Women are particularly susceptible to behaviour change by fear.
Appeals which evoke fear are frequently used in all sorts of messages aimed at the public.
For example, fear is used to try and stop people smoking or to support certain political policies.
It is perhaps most often used, though, by advertisers to sell products.
A fear is created in the mind, which — it just so happens — can be alleviated by the product being sold.
For example, fear of injury and death is frequently used to sell insurance.
Professor Dolores Albarracin, who led the study, said:
“These appeals are effective at changing attitudes, intentions and behaviors.
There are very few circumstances under which they are not effective and there are no identifiable circumstances under which they backfire and lead to undesirable outcomes.”
It was thought that fear might produce a kind of backlash effect, thereby nullifying the influence.
But this wasn’t the case, Professor Albarracin explained:
“Fear produces a significant though small amount of change across the board.
Presenting a fear appeal more than doubles the probability of change relative to not presenting anything or presenting a low-fear appeal.
However, fear appeals should not be seen as a panacea because the effect is still small.
Still, there is no data indicating that audiences will be worse off from receiving fear appeals in any condition.”
The researchers reached their conclusions by analysing 127 different studies which included over 27,000 people.
The studies have been carried out over the last 50 years.
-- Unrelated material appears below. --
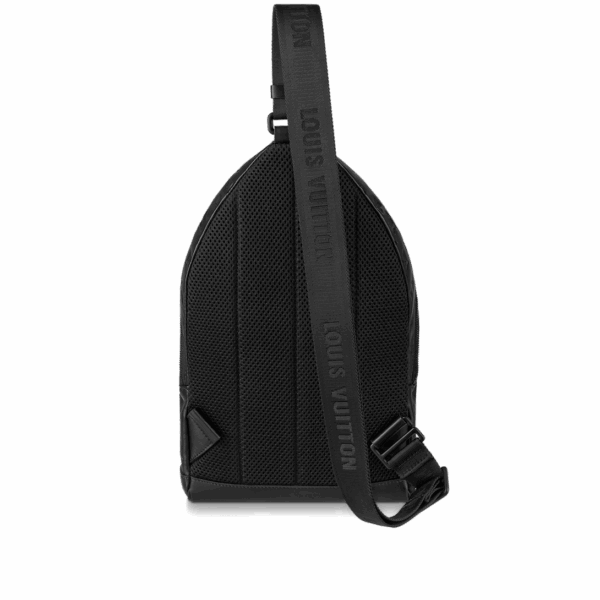 Сумка Louis Vuitton Racer Черная N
The authors explained four ways that fear appeals can be made even more effective:
“…fear appeals were more effective when the message depicted relatively high amounts of fear, included an efficacy message, and stressed susceptibility and severity related to the concerns being addressed (i.e., factors concerning the message).
We also found that fear appeals were more effective when they recommended one-time only behaviors (i.e., a factor concerning the recommended behavior) and when audiences included a higher percentage of women (i.e., a factor concerning the audience).”
The study was published in the journal Psychological Bulletin (Tannenbaum et al., 2015).